The task of creating a Palace of Fine Arts for the 1915 Panama-Pacific International Exposition fell to the architect Bernard R. Maybeck. Setting to work on this new project, he chose as his theme a Roman ruin, mutilated and overgrown, in the mood of a Piranesi engraving.
By the closing of the Exposition, on December 4 of the same year, a movement to preserve the Palace was already under way; signatures and money were gathered from the Fine Arts League. But before a restoration could take place, the Palace many different uses. In 1934, eighteen lighted tennis courts were installed and remained there for eight years. During this period, the Palace, without proper maintenance and as a result of vandalism, was gradually crumbling into a genuine ruin. Then during World War II it was requisitioned by the Army for storage of trucks and jeeps.
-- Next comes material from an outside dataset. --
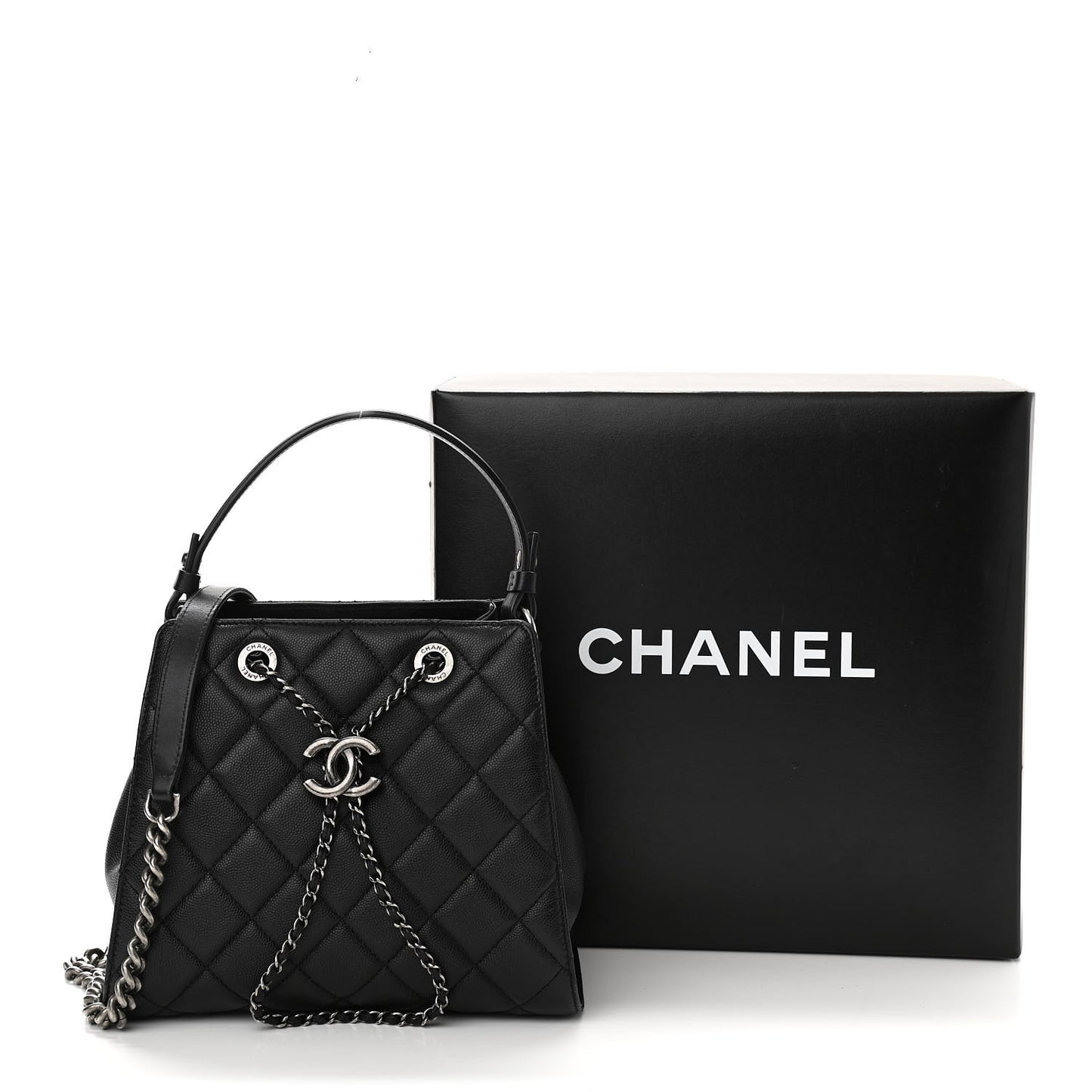Caviar Quilted Small CC Bucket Bag Black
At the end of the war, when the United Nations was created in San Francisco, limousines used by the world's statesmen came from a motor pool there.
In the meantime, from 1947 on, the hall continued to be put to various uses: as a city Park Department warehouse; as a telephone book distribution center; as a flag and tent storage depot; and even as temporary Fire Department headquarters.
The work of demolition and reconstruction began in 1964. The rotunda and the columns were toppled to the ground. Nothing was left but the steel structure of the gallery itself.
By 1966, when 20,000 people visited the unfinished Palace during a public "walk-through," the new structure was close to completion. It had been solidly rebuilt by the best engineers available, the "staff" work being cast, stratified in the casting like stone, and proof against peeling off. A final solution for it's use was presented and in August of 1969, the Park and Recreation Commission formally approved the plan to house a museum.
Starting with a few temporary exhibits, the museum grew rapidly. In 1980, cramped for space by its collection of exhibits, the museum built a mezzanine within the exhibition hall, adding another 15,000 square feet of exhibit space. By 1983, the Exploratorium had more than 500 exhibits on light and color, sound and music, patterns of motion, language, and other natural phenomena.
Over the past decade, Exploratorium has greatly expanded its role in exhibit-based public education, becoming a nucleus for interaction between science, science education, and the public.